Everything in the listing that follows should be reproduced exactly except the pictures.

**** Material provided ****

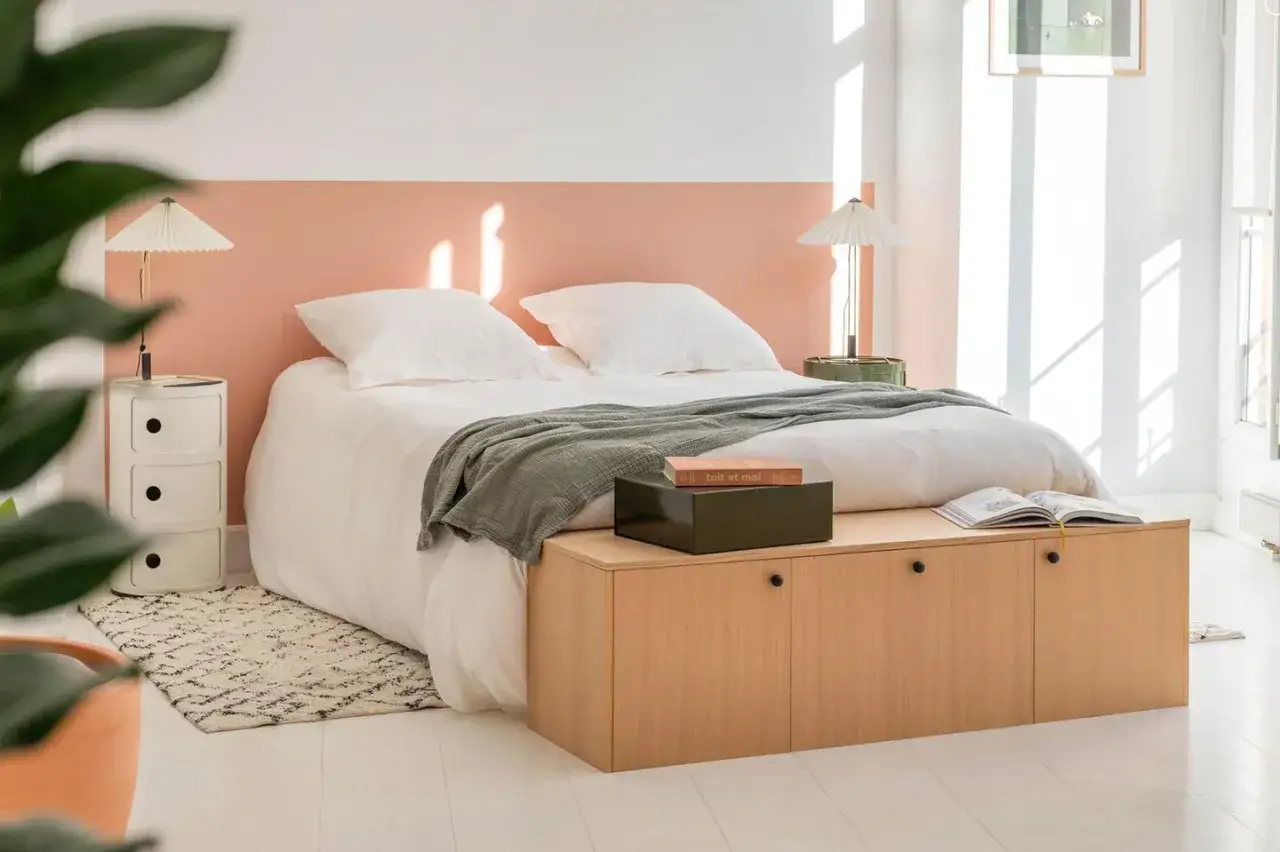 Schlafzimmer mit wei&szlig;em Bett, Laken und gr&uuml;ner Decke. Die Wand nur teilweise streichen in zartem Rosa. Holzbank mit B&uuml;chern.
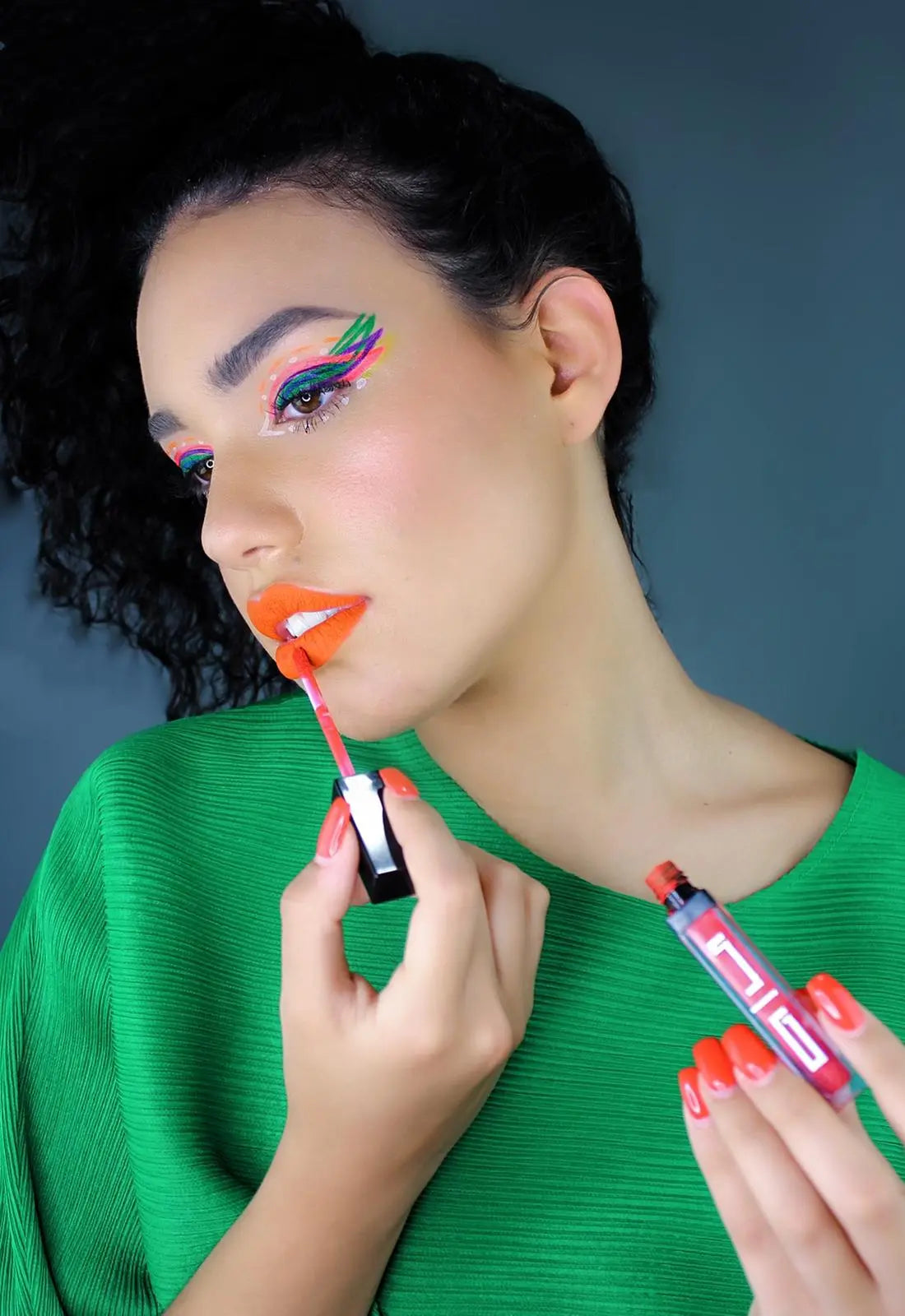 Eyeliner being applied: black pencil with red tip held near eye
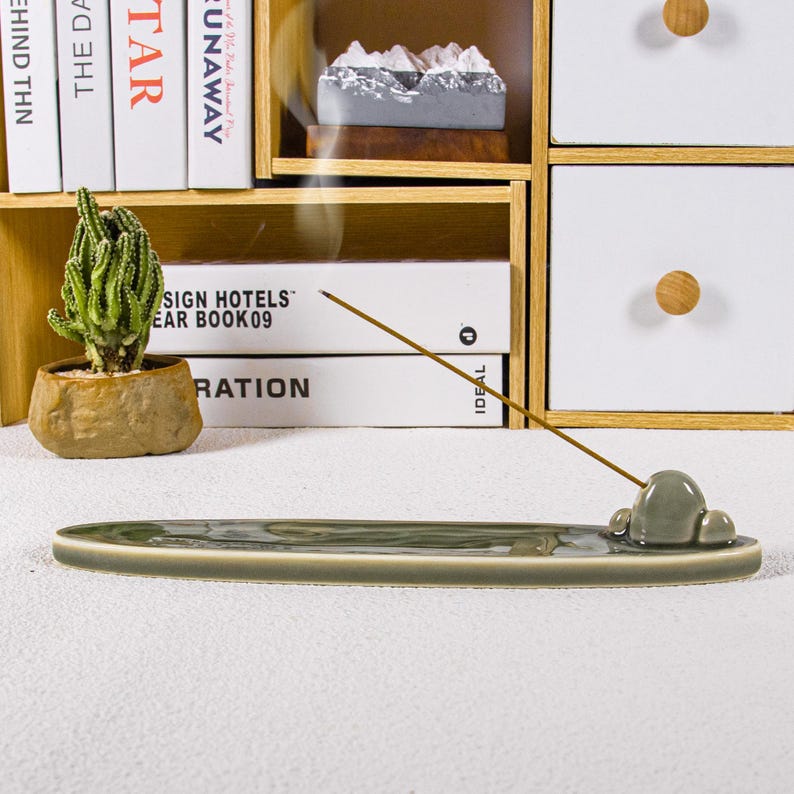 May include: A sage green ceramic incense holder with a cloud-shaped design. The holder is long and oval, with a small, raised cloud detail at one end. An incense stick is lit, emitting a thin stream of smoke. A small cactus in a stone-like pot is visible.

****

### Output of the exercise
 Schlafzimmer mit wei&szlig;em Bett, Laken und gr&uuml;ner Decke. Die Wand nur teilweise streichen in zartem Rosa. Holzbank mit B&uuml;chern.
 Eyeliner being applied: black pencil with red tip held near eye
 May include: A sage green ceramic incense holder with a cloud-shaped design. The holder is long and oval, with a small, raised cloud detail at one end. An incense stick is lit, emitting a thin stream of smoke. A small cactus in a stone-like pot is visible.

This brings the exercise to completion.